U.S. Unilateralism

November 3, 2006

The following is taken from the premier issue of Good Magazine. It’s by James Surowiecki, a writer for the New Yorker, in a piece entitled “America in the World.”

“There are two factors that make American unilateralism especially troubling in the eyes of many. The first is simply the breadth of American power. While no one is nostalgic for the Cold War, a majority of people in every country that Pew surveyed (U.S. excluded) believe that it would be better for the world if a country or group of countries emerged as a rival to U.S. hegemony. Whatever the dangers of superpower conflict, apparently they’re preferable to having most of the world’s military might in the hands of one nation.

“The second major factor is that the U.S. now regularly circumvents or ignores many of the international institutions that, paradoxically, it played a major role in creating. The United Nations, the various institutions designed to combat genocide and war crimes, the Geneva Conventions, the World Trade Organization–the U.S. was instrumental in the development of all of these. Yet in just the past decade, it’s refused to ratify the International Criminal Court, refused to vote for a resolution banning land mines, refused to sign the Kyoto Protocol, until recently declared the Geneva Conventions inapplicable to enemy combatants, and so on. From the perspective of American interests, each of those decisions may have been the correct one.

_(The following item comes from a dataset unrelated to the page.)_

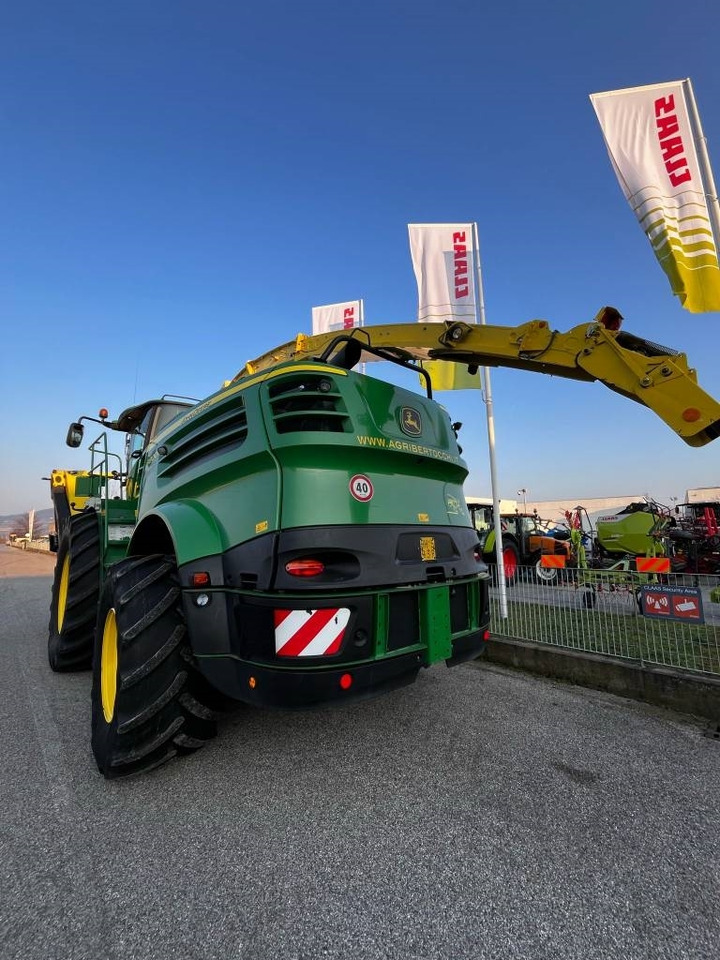 John Deere 8800 - Forage harvester: picture 3 John Deere 8800 - Forage harvester: picture 3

But, to many, each also smacks of hypocrisy, making it seem as if the U.S. is happy to play by rules only as long as it’s guaranteed to win.”

I would modify this to say that these actions “stink” of hypocrisy, and I would remove the phrase “to many.” It is fact: these actions are hypocritical.

Again, I’m feeling that odd sensation that most of the people I know are more like people everywhere, i.e. the people polled for Surowiecki’s report; it’s the purveyors of “American interest” that are not my people.